RECORDS SHOWN –

========

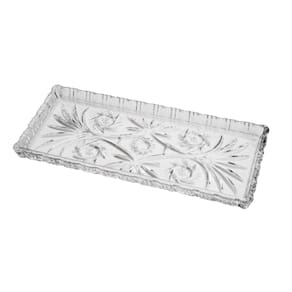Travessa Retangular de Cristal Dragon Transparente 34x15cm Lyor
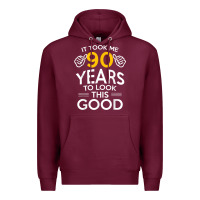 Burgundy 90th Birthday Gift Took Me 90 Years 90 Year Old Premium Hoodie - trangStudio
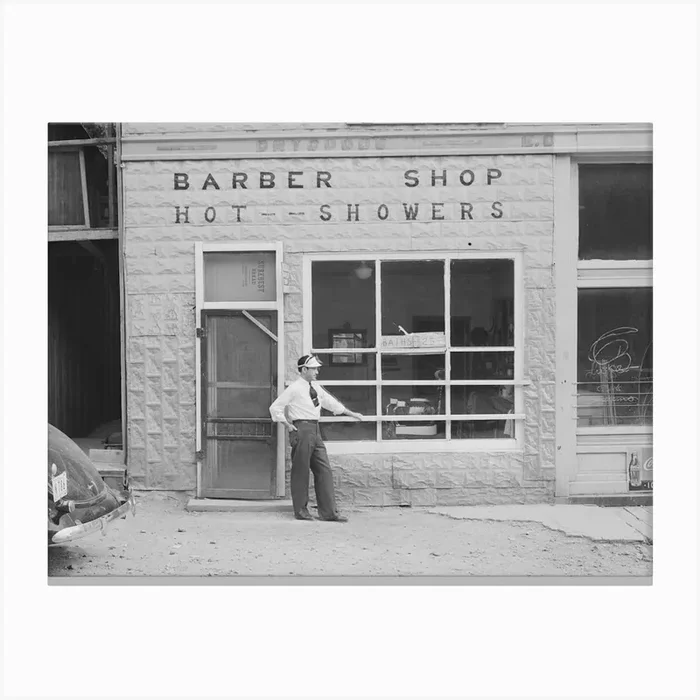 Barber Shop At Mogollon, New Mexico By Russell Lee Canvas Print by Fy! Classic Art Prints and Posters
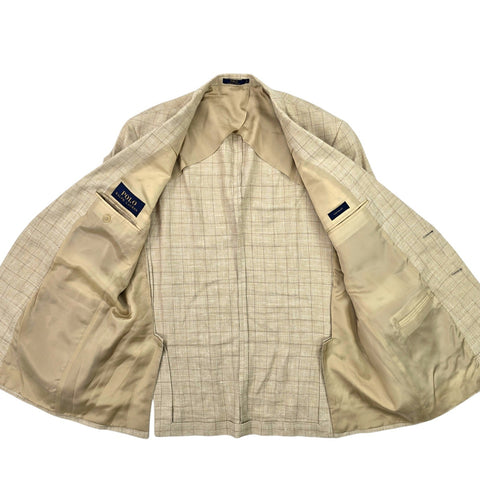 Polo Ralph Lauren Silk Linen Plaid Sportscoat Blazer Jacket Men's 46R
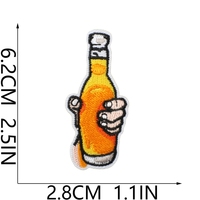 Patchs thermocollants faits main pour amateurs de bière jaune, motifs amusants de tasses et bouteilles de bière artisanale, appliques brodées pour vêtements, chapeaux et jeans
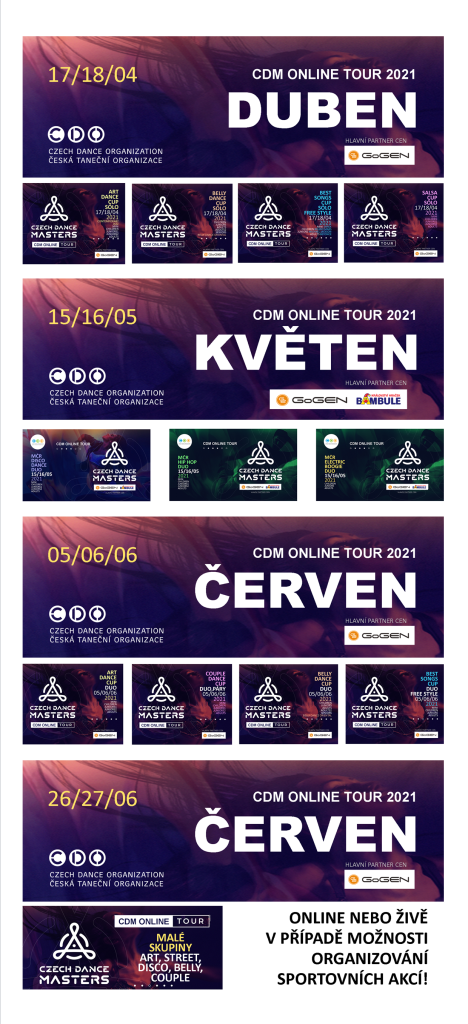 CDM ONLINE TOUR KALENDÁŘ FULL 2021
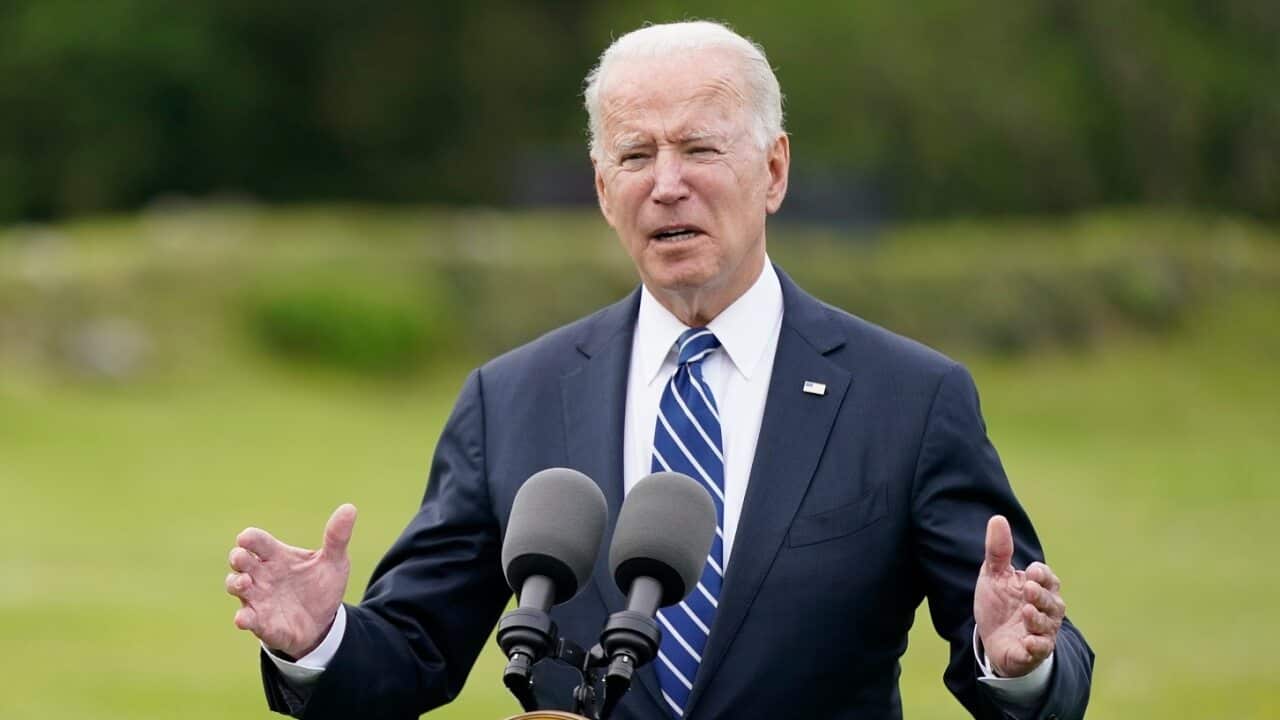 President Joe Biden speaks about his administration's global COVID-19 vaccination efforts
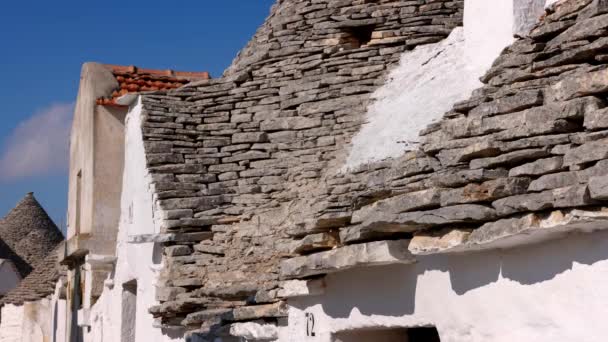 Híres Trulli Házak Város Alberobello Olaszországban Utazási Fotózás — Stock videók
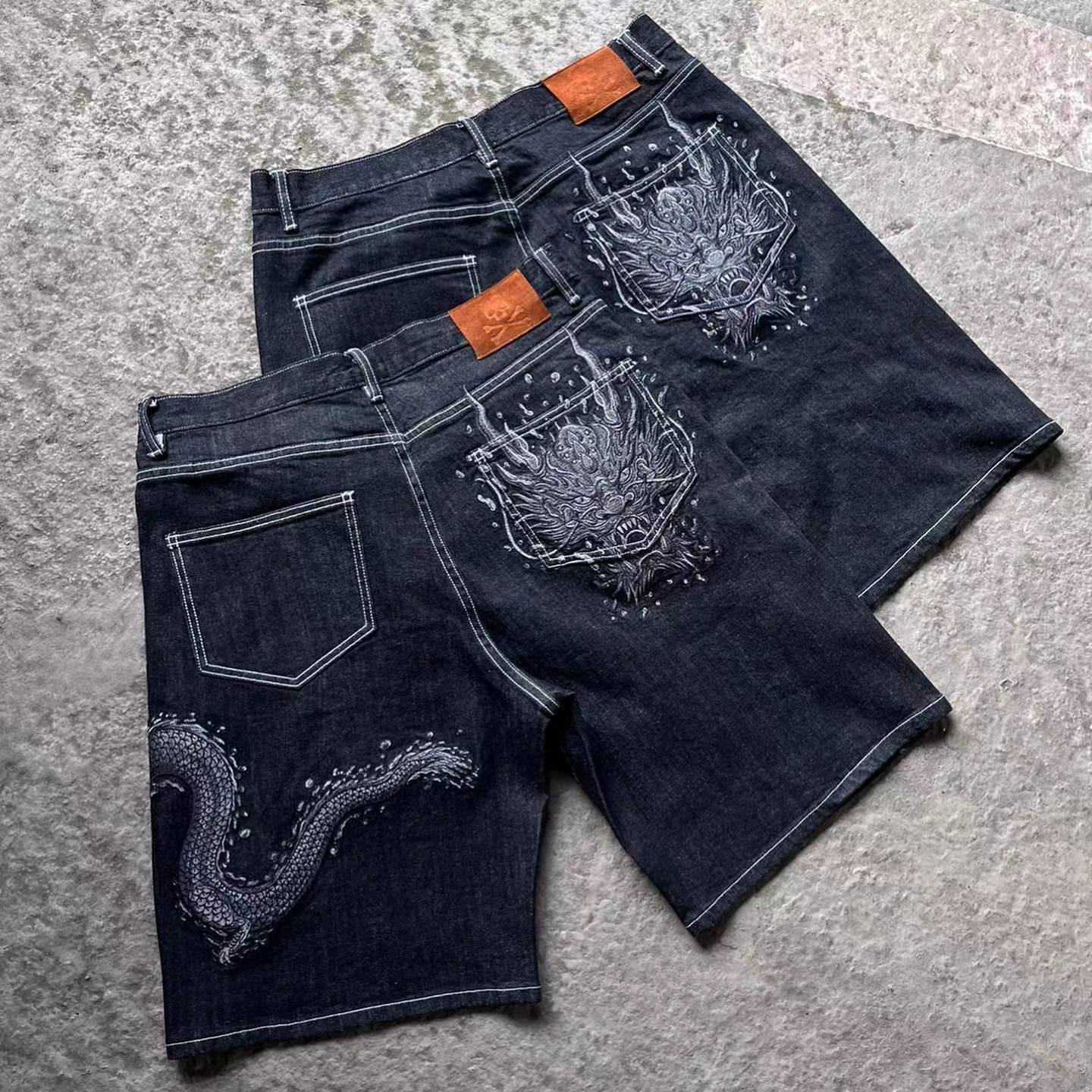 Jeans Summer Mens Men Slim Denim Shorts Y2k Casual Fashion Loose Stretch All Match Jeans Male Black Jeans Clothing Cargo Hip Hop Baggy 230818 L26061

========

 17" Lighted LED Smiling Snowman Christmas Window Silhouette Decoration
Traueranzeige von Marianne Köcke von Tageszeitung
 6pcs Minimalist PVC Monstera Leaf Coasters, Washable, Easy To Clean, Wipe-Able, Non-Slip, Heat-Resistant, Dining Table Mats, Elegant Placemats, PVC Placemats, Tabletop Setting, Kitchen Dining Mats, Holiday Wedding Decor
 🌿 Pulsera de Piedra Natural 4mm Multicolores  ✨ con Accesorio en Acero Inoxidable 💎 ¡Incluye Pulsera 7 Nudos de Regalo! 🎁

========

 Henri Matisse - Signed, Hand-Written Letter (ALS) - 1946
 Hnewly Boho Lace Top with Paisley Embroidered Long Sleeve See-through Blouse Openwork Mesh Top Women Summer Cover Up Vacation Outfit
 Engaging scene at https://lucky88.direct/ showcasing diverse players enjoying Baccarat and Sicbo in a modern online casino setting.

========

TASK PROMPT – Copy word for word the lines above, starting at the line containing "CDM ONLINE TOUR KALENDÁŘ FULL 2021" and ending at the line containing "Jeans Summer Mens", inclusive, with no pictures.

EXERCISE SOLUTION –
 CDM ONLINE TOUR KALENDÁŘ FULL 2021
 President Joe Biden speaks about his administration's global COVID-19 vaccination efforts
 Híres Trulli Házak Város Alberobello Olaszországban Utazási Fotózás — Stock videók
 Jeans Summer Mens Men Slim Denim Shorts Y2k Casual Fashion Loose Stretch All Match Jeans Male Black Jeans Clothing Cargo Hip Hop Baggy 230818 L26061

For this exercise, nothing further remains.